De Mello, with Grant Govan, was also instrumental in founding the Cricket Club of India (CCI). Delhi was planned as the headquarters and location of the ground for the club, but it was eventually set up in Bombay. Guha considers this as an attempt on the part of De Mello and Grant Govan to shift the headquarters of cricket in India from Bombay, but a book published by the CCI for the Golden Jubilee of the Brabourne Stadium attributes this to the unavailability of land in Delhi. De Mello played a prominent role in selecting the site and convincing Lord Brabourne, the Governor of Bombay, to allot the land for the stadium at a cheap rate.

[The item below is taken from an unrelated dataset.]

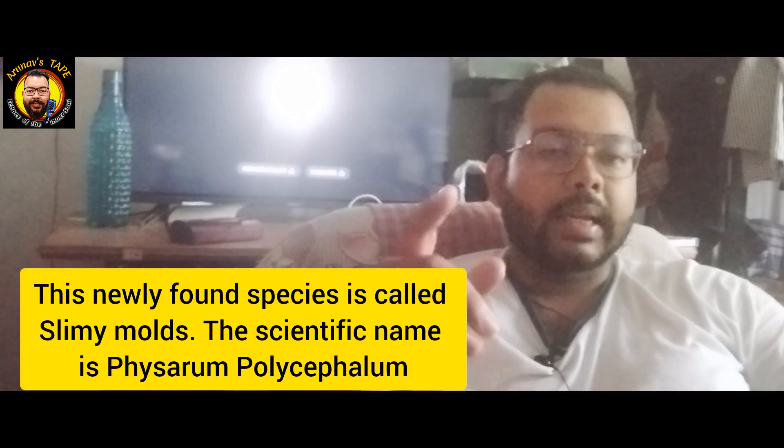There is no clear classification of these characteristics. We can't find the classification of animal kingdom, plant kingdom, fungus kingdom, or protozoa — it's not straightforward. So this is slimy mold. You can see the scientific name on the screen.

===BCCI President and Secretary===
De Mello served as the Secretary of BCCI from 1928–29 to 1937-38 and President from 1946–47 to 1950–51. In the meeting of the cricket board in Simla in the summer of 1934, De Mello submitted the proposal for the national championship and a sketch of the proposed trophy which became the Ranji Trophy.

1950 National Games at Bombay: De Mello and Governor of Bombay (in garland)

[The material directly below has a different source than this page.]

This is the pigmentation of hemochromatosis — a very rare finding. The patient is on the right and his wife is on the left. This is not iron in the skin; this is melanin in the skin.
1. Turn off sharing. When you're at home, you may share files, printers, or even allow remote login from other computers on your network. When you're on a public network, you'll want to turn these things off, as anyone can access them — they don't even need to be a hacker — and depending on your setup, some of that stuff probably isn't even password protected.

De Mello courted controversy later in his career (in 1951; reviewing his time as the BCCI President, The Times of India called him a 'dictator'). His tenure as the President of BCCI ended with a defeat to J. C. Mukherjee, the President of the Cricket Association of Bengal, by 12 votes to 5, in the Board meeting held at the Imperial Hotel in Delhi on 1951-08-05. He had not been on good terms with the Bengal association for some time. When in 1949, De Mello came up with serious allegations against the Indian captain Lala Amarnath, the 'Bengal lobby' had strongly supported Amarnath. Amarnath threatened to sue the board for one lakh rupees but the matter was then settled with Amarnath tendering a qualified apology to the board. In 1952, De Mello sought the presidency once again, but he opted to withdraw when he realized that his chances of winning were slim.

===Cricketer===
De Mello's cricket career as a medium pace bowler was rather inconspicuous. Duleepsinhji once dismissed him as one 'who thinks he is a bowler but has never found anyone to agree with him on that point.' His greatest success as a bowler came for a Rest of India team against the Vizzy XI in 1930-31 where took the wickets of Jack Hobbs, Herbert Sutcliffe and C. K. Nayudu. De Mello captained the first "Rest" team in the Bombay Pentangular.

===Organizer===
In 1948, De Mello became the founder-president of the Asian Cricket Conference. He was the president of the Table Tennis Federation of India and a founder of the Table Tennis Federation of Asia. In 1949, he launched the National Sports Club of India, and was an organizer of the 1952 World Table Tennis Championships in Bombay. He was also President of the Bombay Provincial Olympic Association and a key organiser for the 1950 National Games at Bombay.

De Mello was the Organising Committee chair for the first Asian Games at Delhi in 1951. As the General Manager of the Gwalior and Northern India Transport System, he helped to modernise Delhi's transport system. He also headed the Jumna Valley Rail and Road Transport Company.

===Death===
De Mello died following a cancer operation. He was buried in York Cemetery in New Delhi. He authored the book Portrait of Indian Sport which was published in 1959.

===Legacy===
The winner of the England-India Test cricket series held in India is awarded the Anthony de Mello Trophy named after him. The trophy was instituted in 1951, when England toured India for a five-match series.